Why is (or isn't) setting fields in a constructor thread-safe?

Question

Let's say you have a simple class like this:

class MyClass
{
    private readonly int a;
    private int b;

    public MyClass(int a, int b) { this.a = a; this.b = b; }

    public int A { get { return a; } }
    public int B { get { return b; } }
}

I could use this class in a multi-threaded manner:

MyClass value = null;
Task.Run(() => {
    while (true) { value = new MyClass(1, 1); Thread.Sleep(10); }
});
while (true)
{
    MyClass result = value;
    if (result != null && (result.A != 1 || result.B != 1)) { 
        throw new Exception(); 
    }
    Thread.Sleep(10);
}

My question is: will I ever see this (or other similar multi-threaded code) throw an exception? I often see reference to the fact that non-volatile writes might not immediately be seen by other threads. Thus, it seems like this could fail because the write to the value field might happen before the writes to a and b. Is this possible, or is there something in the memory model that makes this (quite common) pattern safe? If so, what is it? Does readonly matter for this purpose? Would it matter if a and b were a type that can't be atomically written (e. g. a custom struct)?

Answer 1

Code as written will work starting from CLR2.0 as the CLR2.0 memory model guarantees that All stores have release semantics.

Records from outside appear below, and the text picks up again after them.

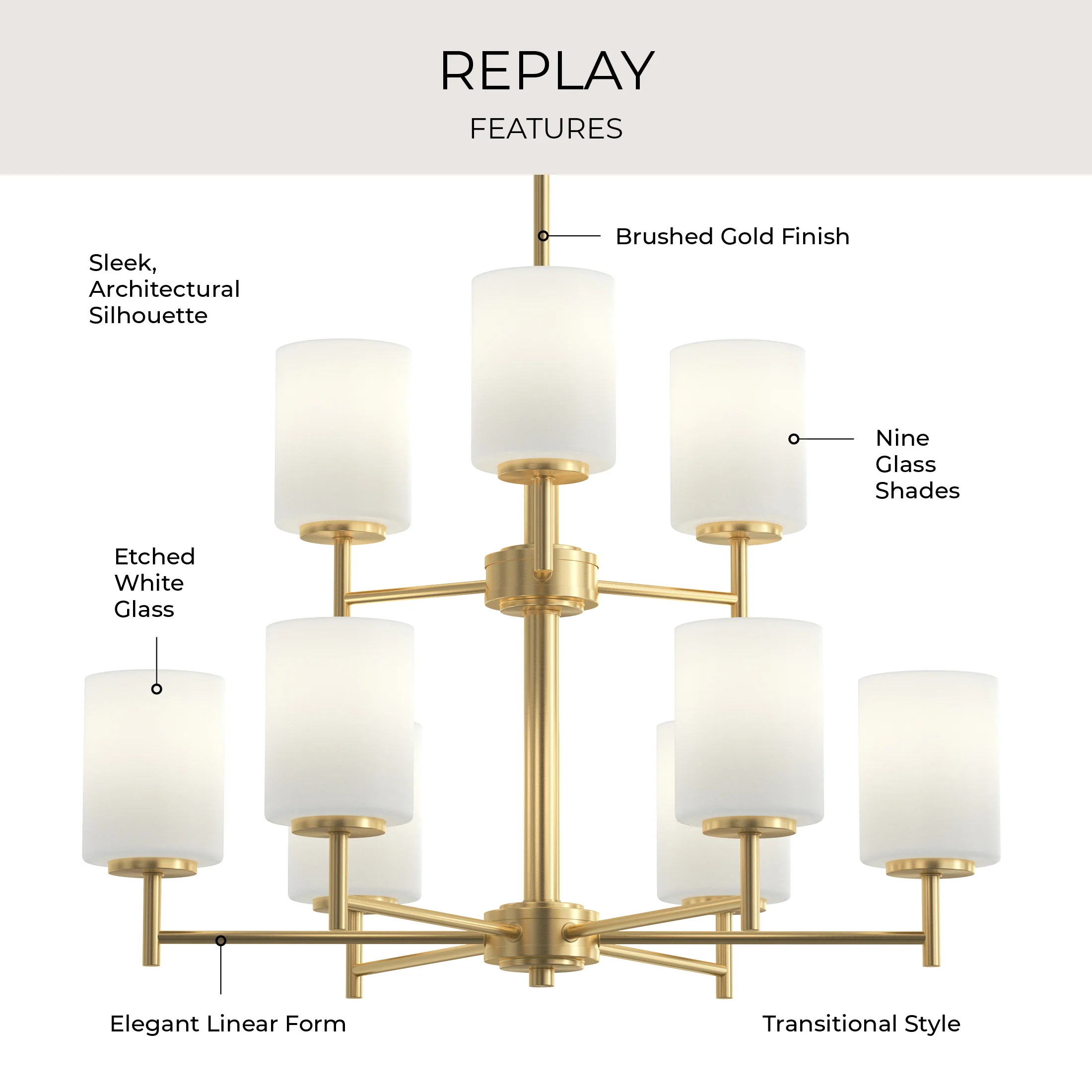 Replay Collection Nine-Light Chandelier Light - Image 11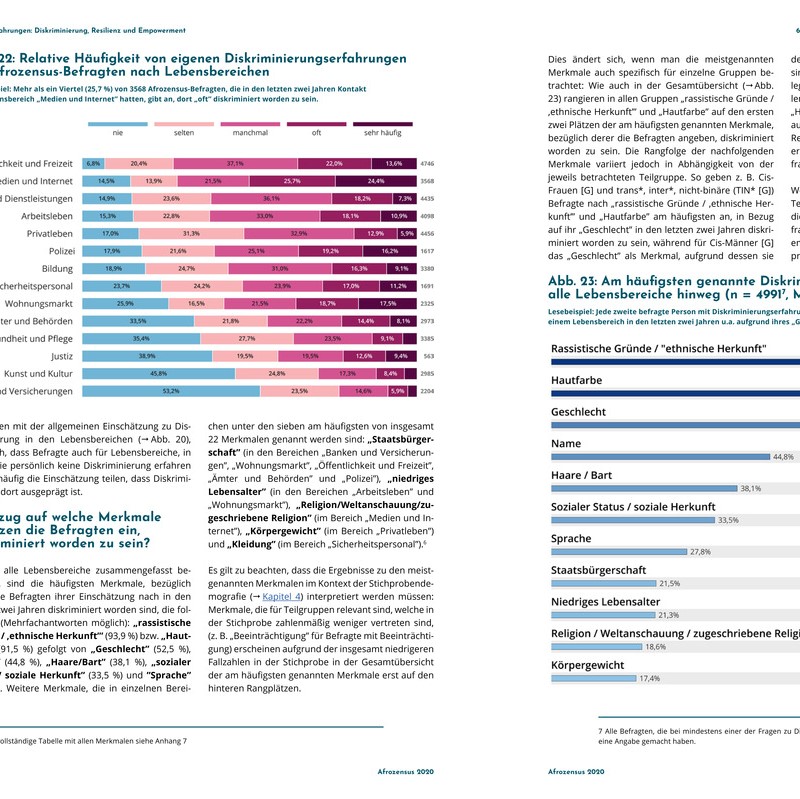 1 Report Abb 22 und 23 Diskriminierungserfahrungen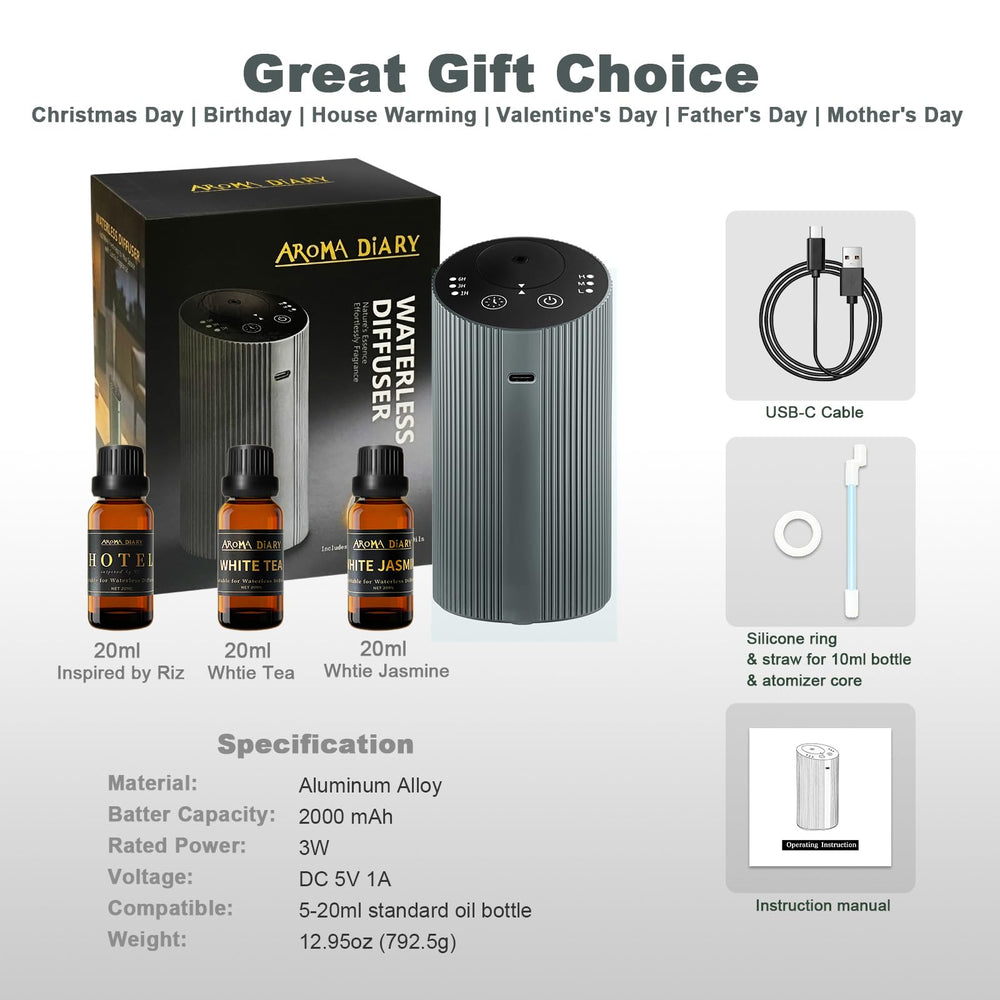 Aroma Diary gift-ready packaging for gifting occasions.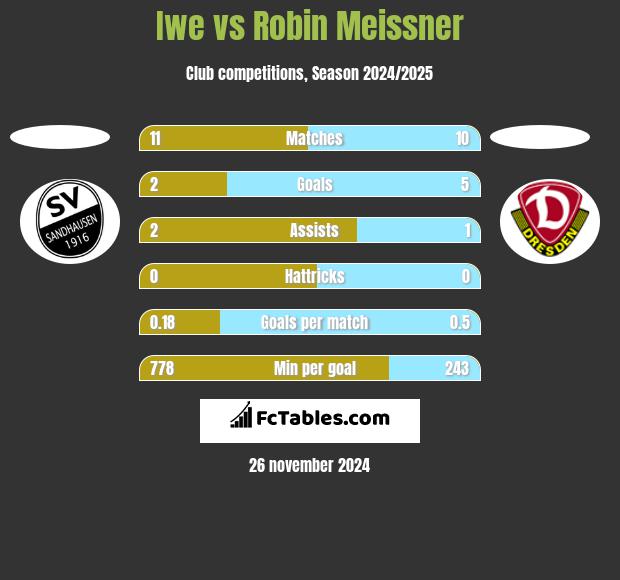 Iwe vs Robin Meissner h2h player stats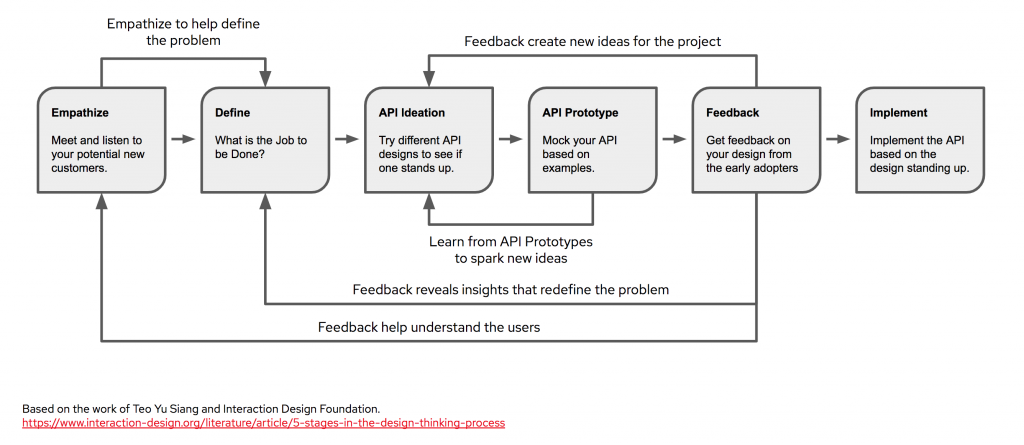 Use API design thinking to design APIs as a product.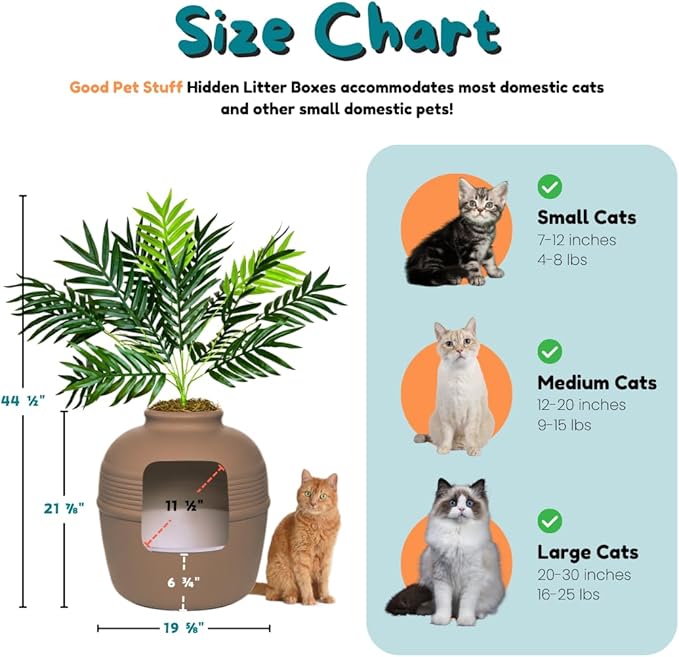 Good Pet Stuff Hidden Litter Box Planter, Decorative Cat Litter Enclosure - Image 6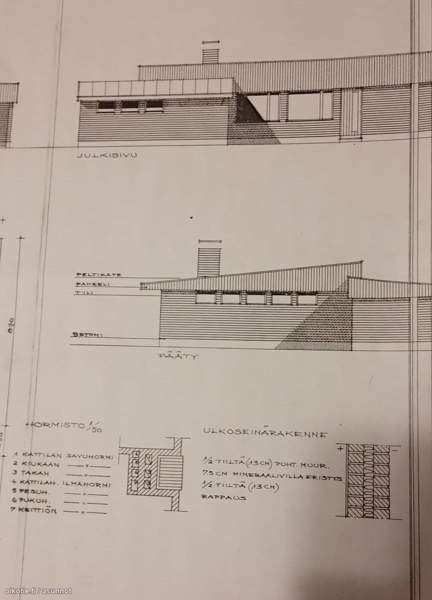 4h + k + s  Tornio - photo 3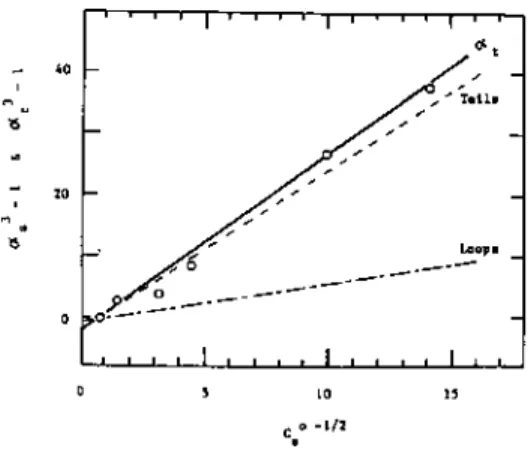 Fig. 27. Comparison of plots for a t3  - 1 and a 3  - 1 vs. the inverse square root of ionic strength 114) :  ( ) a 35  - 1 for the tail size &lt;i&gt; 0t  = 1,890; ( ) a 3S  - 1 for the loop size (i) 0l  = 129 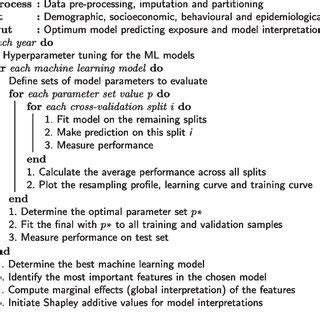 Workflow of Deep Learning Algorithm 的图像结果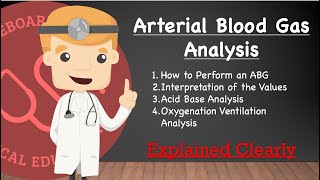 Understanding The Arterial Blood Gas Basic  Sampling Interpreting AcidBase Explained Clearly [upl. by Deeas]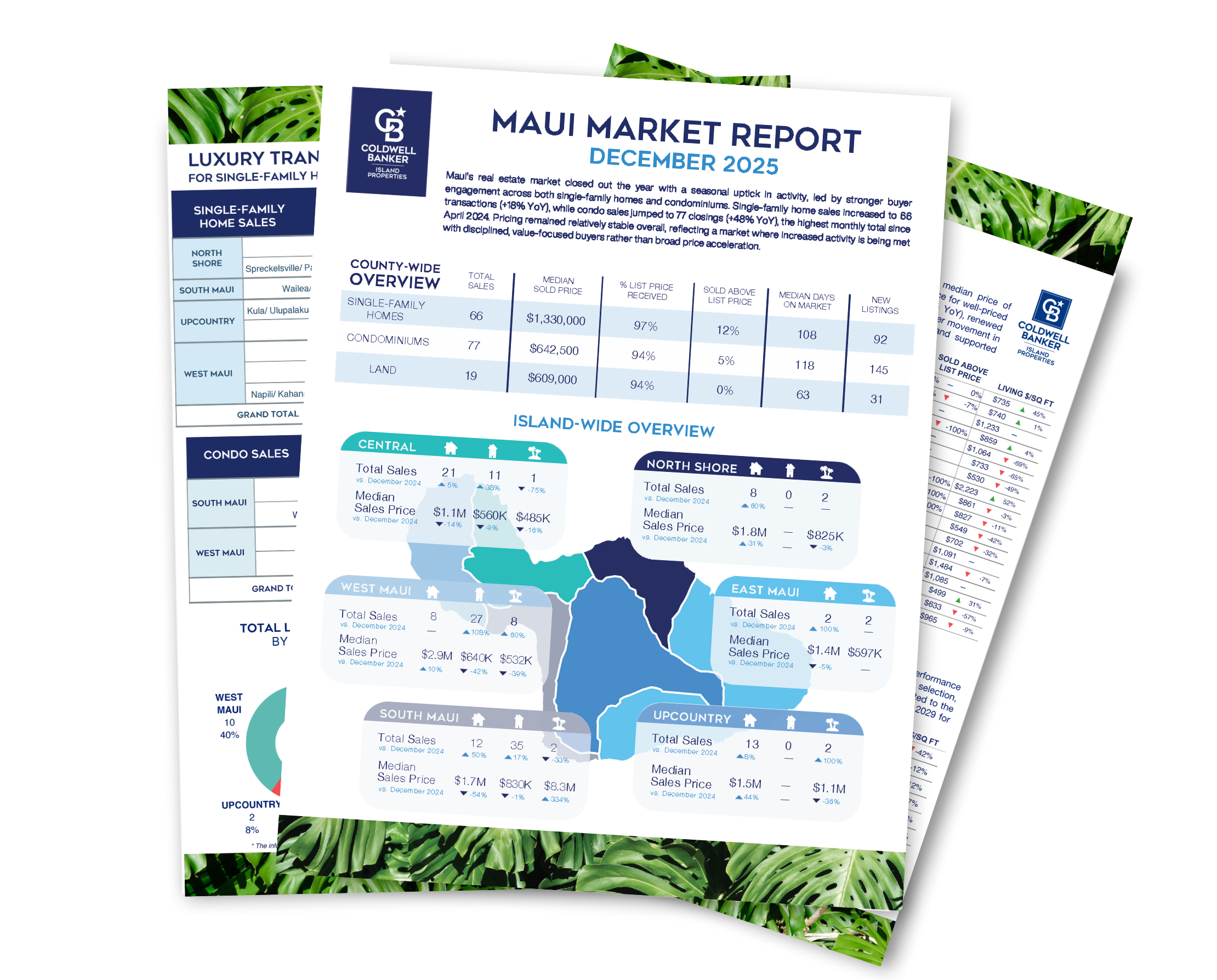 March 2023 Maui Real Estate Report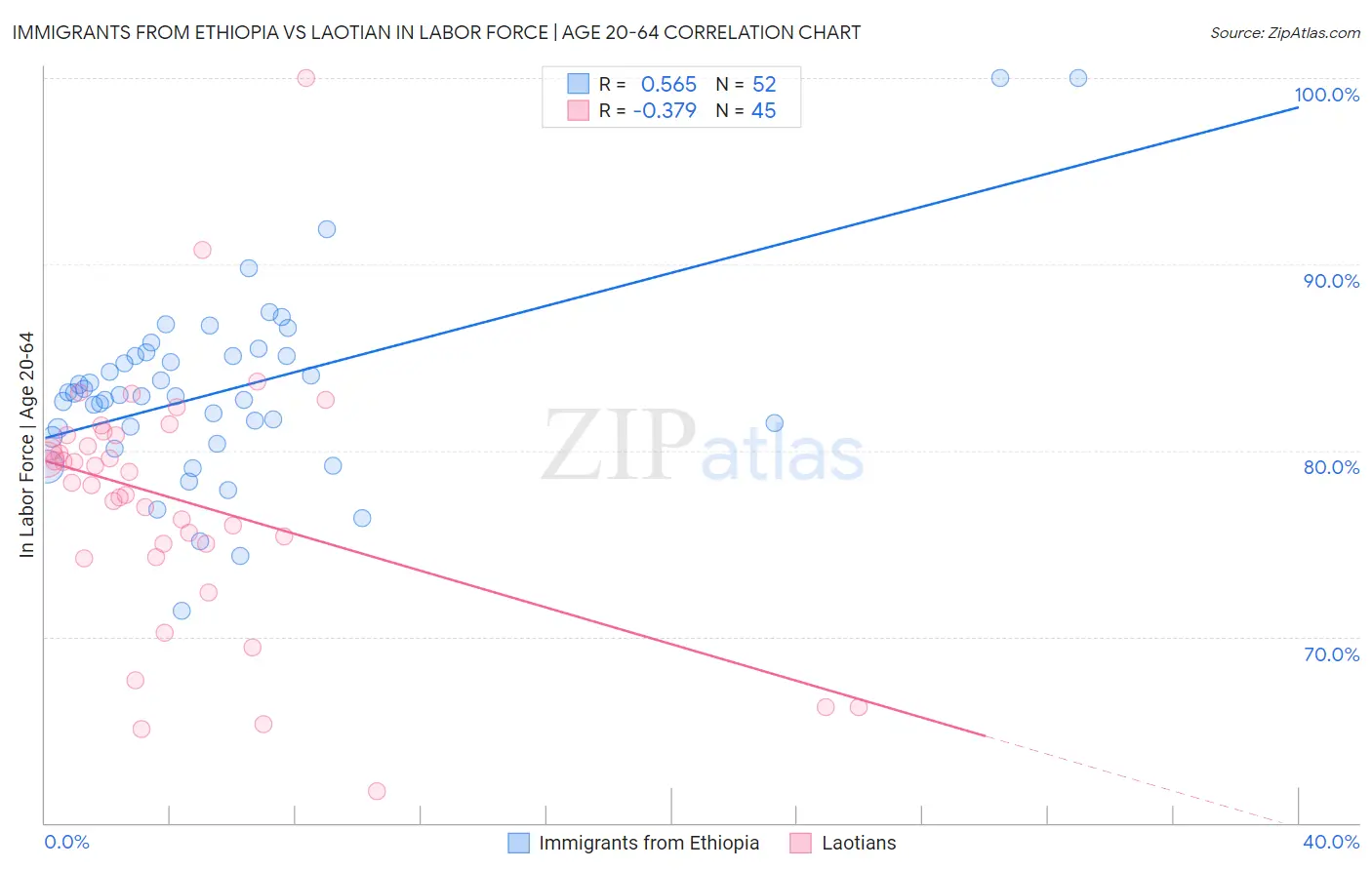 Immigrants from Ethiopia vs Laotian In Labor Force | Age 20-64
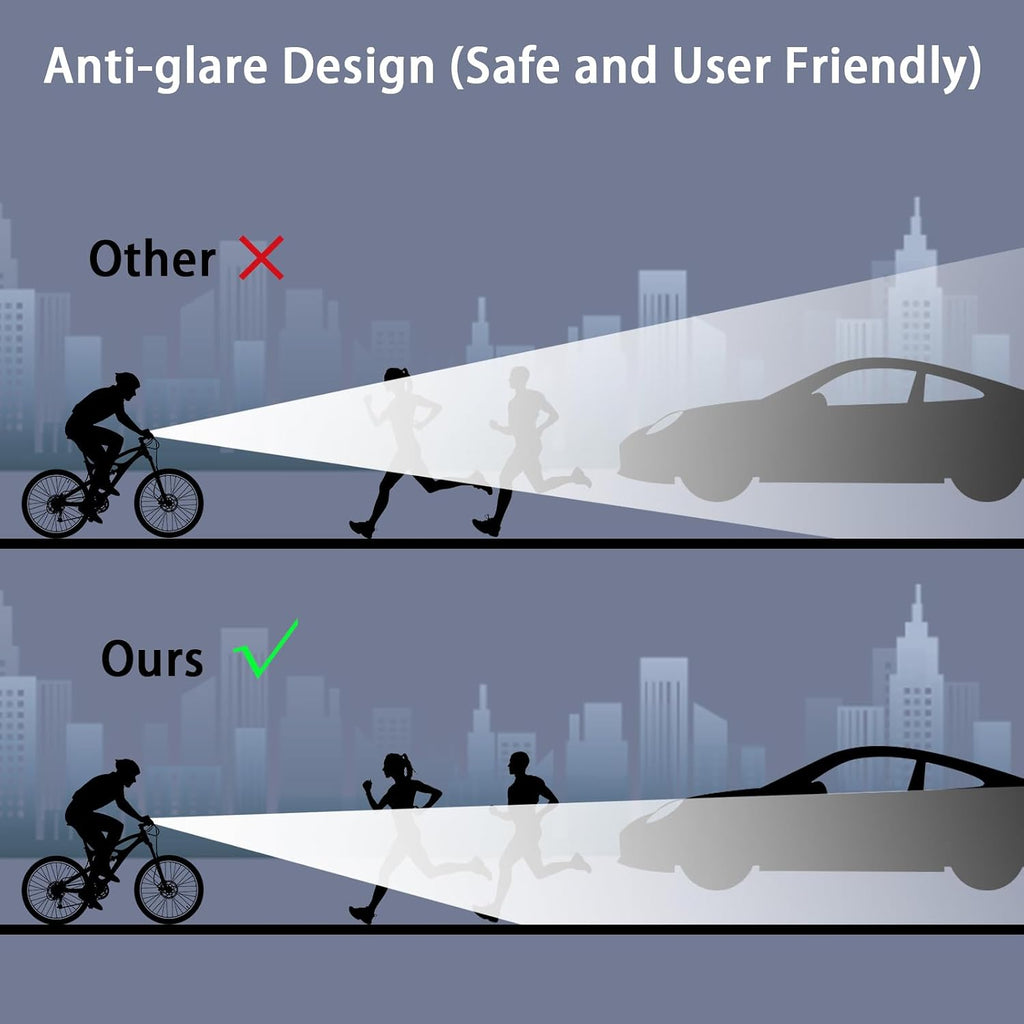 Suruid Super Bright LED Bike Light, USB Rechargeable Bicycle Headlight, Waterproof Bike Headlight, Waterproof Bike Headlight,Daytime Running Light,MTB Off-Road Cycling Commuting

Release semantics: Ensures no load or store that comes before the fence will move after the fence. Instructions after it may still happen before the fence.(Taken from CPOW Page 512).

Which means that constructor initialization cannot be moved after the assignment of the class reference.

Joe duffy mentioned this in his article about the very same subject.

Rule 2: All stores have release semantics, i.e. no load or store may move after one.

Also Vance morrison's article here confirms the same(Section Technique 4: Lazy Initialization).

Like all techniques that remove read locks, the code in Figure 7 relies on strong write ordering. For example, this code would be incorrect in the ECMA memory model unless myValue was made volatile because the writes that initialize the LazyInitClass instance might be delayed until after the write to myValue, allowing the client of GetValue to read the uninitialized state. In the .NET Framework 2.0 model, the code works without volatile declarations.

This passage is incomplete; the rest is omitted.